Au domaine Cluzeaud, en Bourgogne, Jean-Baptiste taille les vignes en Guyot simple.
Taille courte en Cordon de Royat
Le principe est de ne pas garder de grande baguette fructifère mais plutôt 4 à 6 petits coursons sur le cep qui portent 2 à 3 bourgeons chacun. Grâce à cette taille, les grappes sont étalées et profitent de l’aération, de l’ensoleillement et des traitements. Le Cordon de Royat permet d’obtenir des stades et des maturités homogènes et de prétailler et vendanger à la machine. C'est la taille privilégiée dans le Sud de la France.
Un cep de vigne taillé en Cordon de Royat
Taille courte sur charpente courte (Gobelet)
Elle concerne principalement les vignes basses non palissées, c'est-à-dire des vignes qui poussent en arbuste, sans fil ou piquet pour les attacher. Cette taille se caractérise par un pied plus ou moins haut et des bras en cornes (vieux bois). Pour cette taille, on va choisir un ou deux coursons qui porteront chacun deux ou trois bourgeons qui donneront les fruits de l'année. C'est une taille traditionnelle qui se pratique beaucoup dans les régions méditerranéennes car elle permet une bonne résistance au vent et la sécheresse. En revanche, cette méthode n’est pas adaptée à la mécanisation.
Un cep de vigne non palissé du Domaine des Gravennes qui sera taillé en gobelet.
La taille de la vigne, un travail à temps-plein
L’hiver et le début du printemps ne sont pas les seules périodes pour tailler la vigne. Il est possible de tailler la vigne pendant l'été pour la délester des rameaux non-fructifères, faibles ou mal placés. Cela permet à la vigne de réserver son énergie pour les rameaux porteurs de grappes. Elle permet également de supprimer le feuillage superflu du début de l’été pour ne pas étouffer les baies. Enfin, en été peuvent avoir lieu les vendanges en vert qui consistent à couper des grappes avant maturité pour soulager la vigne qui pourra se concentrer sur un nombre limité de grappes.
La taille de la vigne : un art qui possède son propre concours
Chaque année, en Champagne, La Corporation des Vignerons organise le concours de taille Champenoise. Au préalable, des cours pratiques et théoriques sont dispensés sur l'ensemble de la Champagne pour préparer les candidats à ce certificat d'aptitude diplômant.
L’objectif de cet apprentissage est de former les volontaires à la taille de la vigne dans le respect de la réglementation locale en vigueur.

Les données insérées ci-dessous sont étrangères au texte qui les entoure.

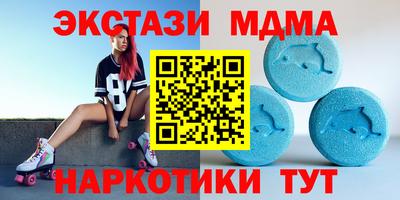 кристаллы Новокубанск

Les candidats abordent quatre types de taille : le Chablis, le Cordon de Royat, la Vallée de Marne et le Guyot et passent également quatre épreuves. Une épreuve écrite, une épreuve pratique en Chablis, une épreuve pratique en Cordon de Royat et un oral. Chaque épreuve pratique est chronométrée et effectuée sous les yeux de trois jurys.
A l’issue de la formation, le Concours de taille validera les compétences acquises. Seuls 50% des candidats réussissent ce concours très complexe indispensable pour travailler la vigne en Champagne.
Si la formation à la taille est moins formelle dans les autres régions viticoles françaises, il n’en demeure pas moins que la taille reste une étape contrôlée et observée dans beaucoup d’appellations. Le type de taille - et notamment le nombre bourgeons conservés - définit en effet en partie le futur rendement. Il n’est pas étonnant que ces éléments soient inscrits dans le cahier des charges des appellations de prestige.